> [EXERCISE INSTRUCTIONS]
Reproduce exactly the lines of the material beneath, from the line that contains "Main bathroom featuring" to the line that contains "A pot filled", both included, and no other lines.

*** GIVEN INFORMATION ***

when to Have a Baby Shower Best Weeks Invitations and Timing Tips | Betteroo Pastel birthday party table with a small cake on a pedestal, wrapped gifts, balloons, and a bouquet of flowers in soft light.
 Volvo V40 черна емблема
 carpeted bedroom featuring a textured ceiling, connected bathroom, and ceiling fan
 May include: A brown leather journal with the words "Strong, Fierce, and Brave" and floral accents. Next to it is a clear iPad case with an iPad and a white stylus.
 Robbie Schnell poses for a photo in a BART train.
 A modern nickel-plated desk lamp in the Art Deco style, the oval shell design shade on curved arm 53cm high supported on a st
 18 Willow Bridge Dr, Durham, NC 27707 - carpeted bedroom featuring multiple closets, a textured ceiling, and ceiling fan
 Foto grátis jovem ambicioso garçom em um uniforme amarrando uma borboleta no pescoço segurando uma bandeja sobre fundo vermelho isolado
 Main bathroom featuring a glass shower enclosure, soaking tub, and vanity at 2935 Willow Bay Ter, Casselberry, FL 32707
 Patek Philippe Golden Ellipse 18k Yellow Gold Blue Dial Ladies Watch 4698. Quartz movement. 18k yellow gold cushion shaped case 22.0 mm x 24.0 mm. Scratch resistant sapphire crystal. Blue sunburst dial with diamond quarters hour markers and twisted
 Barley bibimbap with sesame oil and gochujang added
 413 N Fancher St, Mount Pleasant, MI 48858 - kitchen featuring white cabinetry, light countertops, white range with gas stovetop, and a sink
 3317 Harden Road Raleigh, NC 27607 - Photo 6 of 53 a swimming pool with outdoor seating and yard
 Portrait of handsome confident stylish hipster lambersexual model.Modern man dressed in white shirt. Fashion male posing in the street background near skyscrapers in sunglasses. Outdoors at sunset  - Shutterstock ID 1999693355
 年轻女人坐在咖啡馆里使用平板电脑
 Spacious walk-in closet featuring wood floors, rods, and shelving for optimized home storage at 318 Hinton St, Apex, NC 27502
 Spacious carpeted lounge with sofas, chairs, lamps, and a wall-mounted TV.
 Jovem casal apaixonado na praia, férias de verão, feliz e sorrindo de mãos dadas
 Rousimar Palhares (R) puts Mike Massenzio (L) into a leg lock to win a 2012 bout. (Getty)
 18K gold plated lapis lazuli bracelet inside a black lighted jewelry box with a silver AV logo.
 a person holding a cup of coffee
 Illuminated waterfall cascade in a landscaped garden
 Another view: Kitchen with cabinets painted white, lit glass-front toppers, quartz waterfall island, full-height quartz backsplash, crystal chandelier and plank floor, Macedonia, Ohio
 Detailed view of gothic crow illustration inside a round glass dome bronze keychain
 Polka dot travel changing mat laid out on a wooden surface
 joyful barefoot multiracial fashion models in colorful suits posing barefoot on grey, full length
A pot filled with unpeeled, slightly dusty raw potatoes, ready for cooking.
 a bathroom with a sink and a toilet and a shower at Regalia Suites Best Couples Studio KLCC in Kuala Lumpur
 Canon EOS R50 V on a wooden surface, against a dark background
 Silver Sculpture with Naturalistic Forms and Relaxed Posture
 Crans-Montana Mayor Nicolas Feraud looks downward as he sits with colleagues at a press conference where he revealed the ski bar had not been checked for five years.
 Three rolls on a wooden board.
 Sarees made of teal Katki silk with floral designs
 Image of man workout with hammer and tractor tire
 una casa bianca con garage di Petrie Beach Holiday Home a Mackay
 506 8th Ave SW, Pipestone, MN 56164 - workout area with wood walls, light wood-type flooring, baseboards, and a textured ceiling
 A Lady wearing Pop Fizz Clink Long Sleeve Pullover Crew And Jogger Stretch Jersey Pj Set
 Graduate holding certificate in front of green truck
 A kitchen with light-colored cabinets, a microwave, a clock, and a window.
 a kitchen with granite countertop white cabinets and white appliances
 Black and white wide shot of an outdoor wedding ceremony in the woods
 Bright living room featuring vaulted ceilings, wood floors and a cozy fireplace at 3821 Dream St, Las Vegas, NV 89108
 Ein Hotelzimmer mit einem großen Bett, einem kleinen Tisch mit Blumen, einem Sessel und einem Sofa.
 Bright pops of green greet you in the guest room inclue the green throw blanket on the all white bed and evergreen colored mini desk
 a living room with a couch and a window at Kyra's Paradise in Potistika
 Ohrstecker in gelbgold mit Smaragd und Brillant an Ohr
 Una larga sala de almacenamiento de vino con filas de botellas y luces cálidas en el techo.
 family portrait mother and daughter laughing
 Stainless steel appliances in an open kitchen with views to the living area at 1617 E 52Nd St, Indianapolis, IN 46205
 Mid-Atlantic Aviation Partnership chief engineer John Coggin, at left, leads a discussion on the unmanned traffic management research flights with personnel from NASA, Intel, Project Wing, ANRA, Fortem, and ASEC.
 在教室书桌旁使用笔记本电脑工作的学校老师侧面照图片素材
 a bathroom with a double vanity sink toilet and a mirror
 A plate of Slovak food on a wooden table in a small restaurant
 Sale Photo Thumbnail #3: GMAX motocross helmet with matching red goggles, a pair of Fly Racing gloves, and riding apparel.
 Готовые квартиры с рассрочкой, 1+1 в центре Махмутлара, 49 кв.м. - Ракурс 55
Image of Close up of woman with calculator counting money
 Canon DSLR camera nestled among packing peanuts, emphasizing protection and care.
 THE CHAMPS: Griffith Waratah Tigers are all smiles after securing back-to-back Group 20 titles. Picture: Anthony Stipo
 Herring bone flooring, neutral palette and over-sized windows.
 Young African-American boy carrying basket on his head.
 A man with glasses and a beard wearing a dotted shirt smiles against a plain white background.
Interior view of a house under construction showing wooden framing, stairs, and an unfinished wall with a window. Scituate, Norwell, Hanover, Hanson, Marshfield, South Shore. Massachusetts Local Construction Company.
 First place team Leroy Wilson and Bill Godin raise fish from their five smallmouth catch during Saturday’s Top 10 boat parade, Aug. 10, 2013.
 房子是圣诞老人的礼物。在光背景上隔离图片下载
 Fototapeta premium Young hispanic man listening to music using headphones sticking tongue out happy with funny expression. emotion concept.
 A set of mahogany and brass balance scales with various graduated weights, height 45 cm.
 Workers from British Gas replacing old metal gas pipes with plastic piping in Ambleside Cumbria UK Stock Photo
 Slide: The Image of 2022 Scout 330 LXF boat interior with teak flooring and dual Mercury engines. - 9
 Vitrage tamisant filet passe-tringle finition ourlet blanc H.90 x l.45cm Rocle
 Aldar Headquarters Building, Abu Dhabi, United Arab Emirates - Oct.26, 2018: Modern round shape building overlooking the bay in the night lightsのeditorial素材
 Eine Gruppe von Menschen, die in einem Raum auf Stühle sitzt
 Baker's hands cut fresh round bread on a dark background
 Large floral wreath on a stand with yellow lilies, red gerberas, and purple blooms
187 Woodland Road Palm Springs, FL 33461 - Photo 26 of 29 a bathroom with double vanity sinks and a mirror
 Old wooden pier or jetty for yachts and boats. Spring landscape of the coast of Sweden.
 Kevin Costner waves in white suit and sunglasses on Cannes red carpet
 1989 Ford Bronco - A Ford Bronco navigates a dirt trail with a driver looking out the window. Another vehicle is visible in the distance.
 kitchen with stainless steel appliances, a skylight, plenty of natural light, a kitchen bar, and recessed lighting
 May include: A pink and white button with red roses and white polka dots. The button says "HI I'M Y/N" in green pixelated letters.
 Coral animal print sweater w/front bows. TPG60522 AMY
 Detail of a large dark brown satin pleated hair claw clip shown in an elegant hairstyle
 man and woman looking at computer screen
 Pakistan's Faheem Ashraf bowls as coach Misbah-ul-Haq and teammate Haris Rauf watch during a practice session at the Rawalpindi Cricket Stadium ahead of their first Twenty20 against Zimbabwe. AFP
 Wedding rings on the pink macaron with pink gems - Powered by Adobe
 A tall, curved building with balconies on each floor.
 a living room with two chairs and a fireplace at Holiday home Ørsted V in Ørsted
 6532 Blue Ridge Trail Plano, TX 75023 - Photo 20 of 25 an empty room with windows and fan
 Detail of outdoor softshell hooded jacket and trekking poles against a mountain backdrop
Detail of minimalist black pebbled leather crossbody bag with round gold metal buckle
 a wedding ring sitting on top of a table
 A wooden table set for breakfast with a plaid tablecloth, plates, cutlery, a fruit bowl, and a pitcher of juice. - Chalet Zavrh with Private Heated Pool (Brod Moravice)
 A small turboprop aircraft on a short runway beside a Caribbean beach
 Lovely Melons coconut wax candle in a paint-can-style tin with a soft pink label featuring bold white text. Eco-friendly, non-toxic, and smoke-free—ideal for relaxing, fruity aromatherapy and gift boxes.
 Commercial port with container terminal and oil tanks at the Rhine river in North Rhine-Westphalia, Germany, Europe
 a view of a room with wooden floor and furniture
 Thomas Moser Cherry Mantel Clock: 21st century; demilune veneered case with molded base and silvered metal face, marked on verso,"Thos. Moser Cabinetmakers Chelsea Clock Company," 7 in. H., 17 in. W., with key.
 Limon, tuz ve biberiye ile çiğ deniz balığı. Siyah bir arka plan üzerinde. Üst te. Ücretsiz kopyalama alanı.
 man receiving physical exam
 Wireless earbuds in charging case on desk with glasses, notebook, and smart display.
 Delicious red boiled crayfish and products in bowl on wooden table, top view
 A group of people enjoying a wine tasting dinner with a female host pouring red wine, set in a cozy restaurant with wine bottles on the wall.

*** End of GIVEN INFORMATION ***

> [SOLUTION FOR THIS EXERCISE]
 Main bathroom featuring a glass shower enclosure, soaking tub, and vanity at 2935 Willow Bay Ter, Casselberry, FL 32707
 Patek Philippe Golden Ellipse 18k Yellow Gold Blue Dial Ladies Watch 4698. Quartz movement. 18k yellow gold cushion shaped case 22.0 mm x 24.0 mm. Scratch resistant sapphire crystal. Blue sunburst dial with diamond quarters hour markers and twisted
 Barley bibimbap with sesame oil and gochujang added
 413 N Fancher St, Mount Pleasant, MI 48858 - kitchen featuring white cabinetry, light countertops, white range with gas stovetop, and a sink
 3317 Harden Road Raleigh, NC 27607 - Photo 6 of 53 a swimming pool with outdoor seating and yard
 Portrait of handsome confident stylish hipster lambersexual model.Modern man dressed in white shirt. Fashion male posing in the street background near skyscrapers in sunglasses. Outdoors at sunset  - Shutterstock ID 1999693355
 年轻女人坐在咖啡馆里使用平板电脑
 Spacious walk-in closet featuring wood floors, rods, and shelving for optimized home storage at 318 Hinton St, Apex, NC 27502
 Spacious carpeted lounge with sofas, chairs, lamps, and a wall-mounted TV.
 Jovem casal apaixonado na praia, férias de verão, feliz e sorrindo de mãos dadas
 Rousimar Palhares (R) puts Mike Massenzio (L) into a leg lock to win a 2012 bout. (Getty)
 18K gold plated lapis lazuli bracelet inside a black lighted jewelry box with a silver AV logo.
 a person holding a cup of coffee
 Illuminated waterfall cascade in a landscaped garden
 Another view: Kitchen with cabinets painted white, lit glass-front toppers, quartz waterfall island, full-height quartz backsplash, crystal chandelier and plank floor, Macedonia, Ohio
 Detailed view of gothic crow illustration inside a round glass dome bronze keychain
 Polka dot travel changing mat laid out on a wooden surface
 joyful barefoot multiracial fashion models in colorful suits posing barefoot on grey, full length
A pot filled with unpeeled, slightly dusty raw potatoes, ready for cooking.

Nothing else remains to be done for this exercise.